Kaplanyan headed to rival Glendale

GLENDALE — Hakop Kaplanyan, the all-time leading scorer in Hoover High boys' water polo history and one of the most high-profile athletes to ever compete under the school's banner, has begun the process of making un unprecedented switch to play for the Tornadoes' chief rival.

Kaplanyan, a junior who is actually a student at Clark Magnet High in La Crescenta, told the News-Press on Wednesday that his family moved in early December from a residence within Hoover's athletic jurisdiction to one within Glendale High's and that he intends to play water polo for the Nitros in the fall.

"It's going to be kind of weird, it's going to be something to get used to, but I think I can handle it," Kaplanyan, the two-time reigning All-Area Player of the Year, said of switching caps from the program he became the face of to its nearest competitor. "[Glendale] already had a very good program running those years before I came. I wouldn't mind playing under their system at all."

According to representatives from both Glendale and Hoover, the process of establishing Kaplanyan's eligibility to play for the Nitros his senior year is far from complete. But Glendale High Asst. Principal Rene Valdes said on Thursday that his department is in the process of preparing the necessary paperwork for submission to its Hoover counterpart and ultimately to the CIF Southern Section offices.

"[Kaplanyan's family] informed Clark [of the change of residence] and, because he is now in our boundaries, then he technically is our student," Valdes said. "In terms of him being able to compete in water polo, we are proceeding with the CIF protocol and filling out the transfer paperwork.

"I know with him being a high-profile athlete, there's going to be a lot of questions and speculation about why he's coming. My position is, I'm going to follow the steps that we're required to follow through CIF, verifying that he actually lives at the address that he lives and the parents provide what they need to provide.

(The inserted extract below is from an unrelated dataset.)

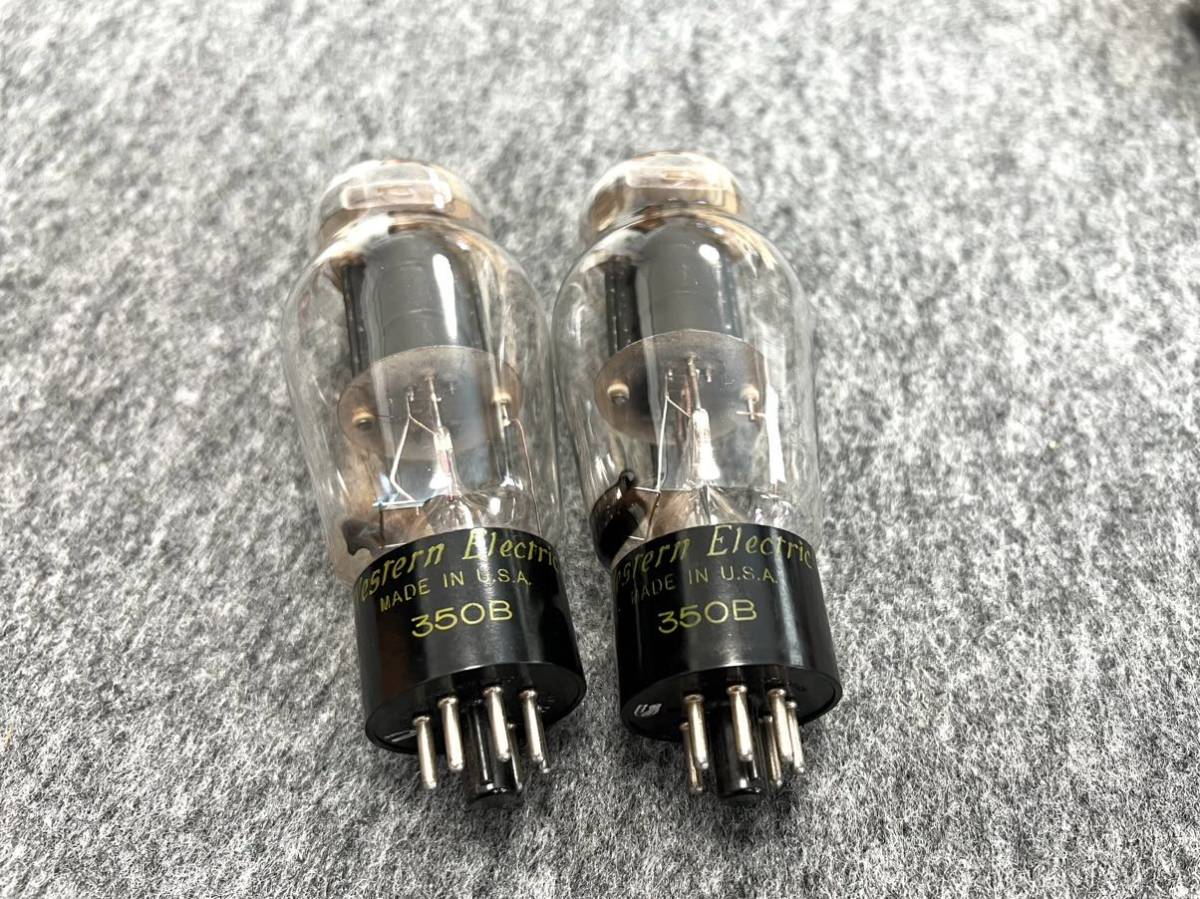 Yahoo!オークション - Western Electric 350B 真空管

I'll submit it to CIF and CIF makes the final decision, basically."

Valdes said the goal is to complete the process in a timely manner and certainly before the conclusion of the current school year.

Hoover High Athletic Director Jack Van Patten said he had not been presented with paperwork regarding Kaplanyan's transfer as of Thursday and declined further comment on the matter. In the event that Hoover elects to dispute the legitimacy of the transfer, only then would CIF initiate an investigation of the matter with both sides getting a chance to present their case.

"We have a self-policing system with regard to our member schools," CIF Director of Communications Thom Simmons said. "They are expected to let us know if there are irregularities regarding a particular transfer.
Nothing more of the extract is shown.